Brings Optimal Transport, Information Geometry, and Product Manifolds to the browser with near-native performance.
Features
- 🚀 Optimal Transport - Sliced Wasserstein, Sinkhorn, Gromov-Wasserstein distances
- 📐 Information Geometry - Fisher Information Matrix, Natural Gradient, K-FAC
- 🌐 Product Manifolds - E^n × H^n × S^n (Euclidean, Hyperbolic, Spherical)
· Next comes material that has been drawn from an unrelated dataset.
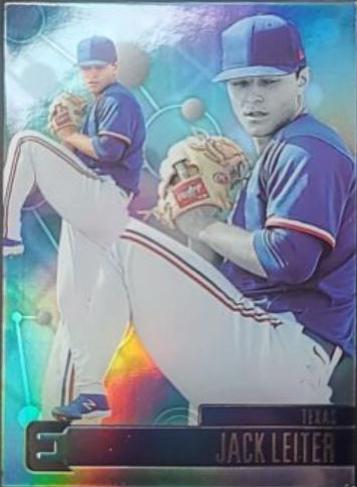 Jack Leiter #4 Baseball Cards 2023 Panini Chronicles Essentials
- ⚡ SIMD Optimized - Vectorized operations where available
- 🔒 Type-Safe - Full TypeScript definitions included
- 📦 Zero Dependencies - Pure Rust compiled to WASM
Installation
npm install @ruvector/math-wasm
# or
yarn add ruvector-math-wasm
# or
pnpm add ruvector-math-wasm
Quick Start
Browser (ES Modules)
import init, {
WasmSlicedWasserstein,
WasmSinkhorn,
WasmProductManifold
} from '@ruvector/math-wasm';
// Initialize WASM module
await init();
// Compute Sliced Wasserstein distance
const sw = new WasmSlicedWasserstein(100); // 100 projections
const source = new Float64Array([0, 0, 1, 1, 2, 2]); // 3 points in 2D
const target = new Float64Array([0.5, 0.5, 1.5, 1.5, 2.5, 2.5]);
const distance = sw.distance(source, target, 2);
console.log(`Wasserstein distance: ${distance}`);
Node.js
const { WasmSlicedWasserstein } = require('@ruvector/math-wasm');
const sw = new WasmSlicedWasserstein(100);
const dist = sw.distance(source, target, 2);
Use Cases
1. Distribution Comparison in ML
Compare probability distributions for generative models, anomaly detection, or data drift monitoring.
// Compare embedding distributions
const sw = new WasmSlicedWasserstein(200).withPower(2); // W2 distance
const trainEmbeddings = new Float64Array(/* ... */);
const testEmbeddings = new Float64Array(/* ... */);
const drift = sw.distance(trainEmbeddings, testEmbeddings, 768);
if (drift > threshold) {
console.warn('Data drift detected!');
}
2. Semantic Vector Search
Use product manifolds for hierarchical and semantic search.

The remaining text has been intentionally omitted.